Well... shit. So this is disappointing.

Here's the thing: David Fincher movies are worth getting excited about. Sure, he's had his misfires—Panic Room, that Alien 3 business—but c'mon: Seven. Zodiac. Fight Club. Scrupulous, poised, and with a masterful control of tone, you'd think he'd be the perfect director for The Curious Case of Benjamin Button, in which the titular character ages in reverse, starting life as a blind, deaf troll and gradually growing into the charming, handsome Brad Pitt. It's equal parts fantasy and drama, and at points, you can see Fincher's hand with moments that are surreal, strange, and heart-stoppingly sad. But the rest of the film... well, the rest of the film feels a lot like Forrest Gump, complete with goofy plot devices and banal clichés.

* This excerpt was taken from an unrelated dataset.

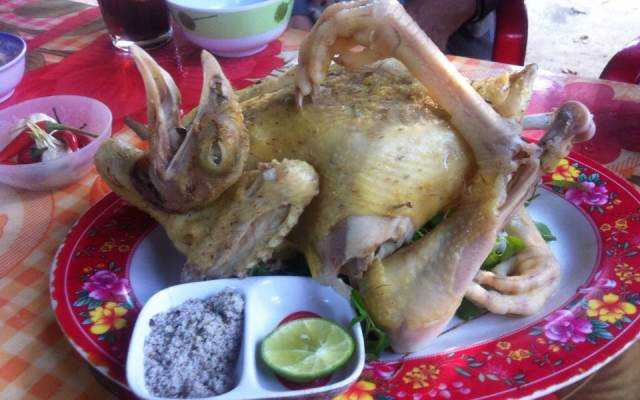 Quán Ăn Sơn Thảo - Gà Hấp Hành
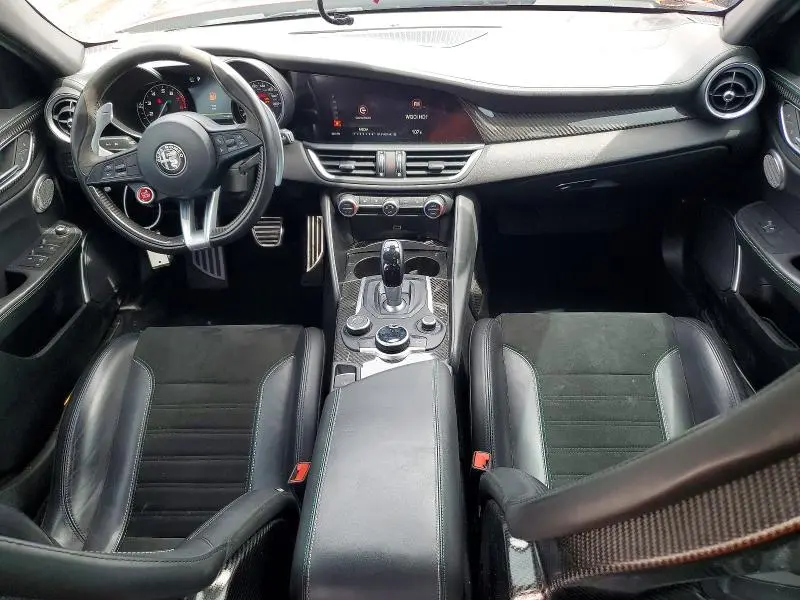 2018 ALFA ROMEO GIULIA QUADRIFOGLIO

I'm gonna lay the blame at the feet of screenwriter Eric "Ol' Schmaltzy" Roth, who (very loosely) adapts F. Scott Fitzgerald's 1922 short story into a shiny bit of Oscar bait. (Surprise! Back in '94, Roth wrote another film with goofy plot devices and banal clichés, that time with a moronic Tom Hanks.) Beginning with freaky geriatric baby Benjamin getting abandoned in 1918, Button follows him as he becomes a sailor, serves in WWII, and falls in love with an unpleasant girl named Daisy (Cate Blanchett). There is also an utterly superfluous modern-day framing story that (A) was clearly cobbled together from Titanic outtakes, and (B) ominously involves the impending Hurricane Katrina. (UGH.)

It seems unfair to rag on a film for being sentimental and nostalgic when it's about sentimentality and nostalgia—still, it gets wearying. Anytime Button tries to say something that doesn't feel rote, it gets overwhelmed by Alexandre Desplat's sappy score, or the fact that practically everything is filmed in sepia tones, or—my favorite!—a magical CG hummingbird that occasionally flits by to serve as a emotional exclamation point. But there is something here of note: Benjamin Button himself (excellently played by Pitt, with a melancholic loneliness and some impressive makeup and special effects) is at once loveable and unknowable, and as Fincher's goofy film swirls around him, he serves as a genuinely emotional, fascinating core. He's a fantastic character. Hopefully someday, someone will make a good movie about him.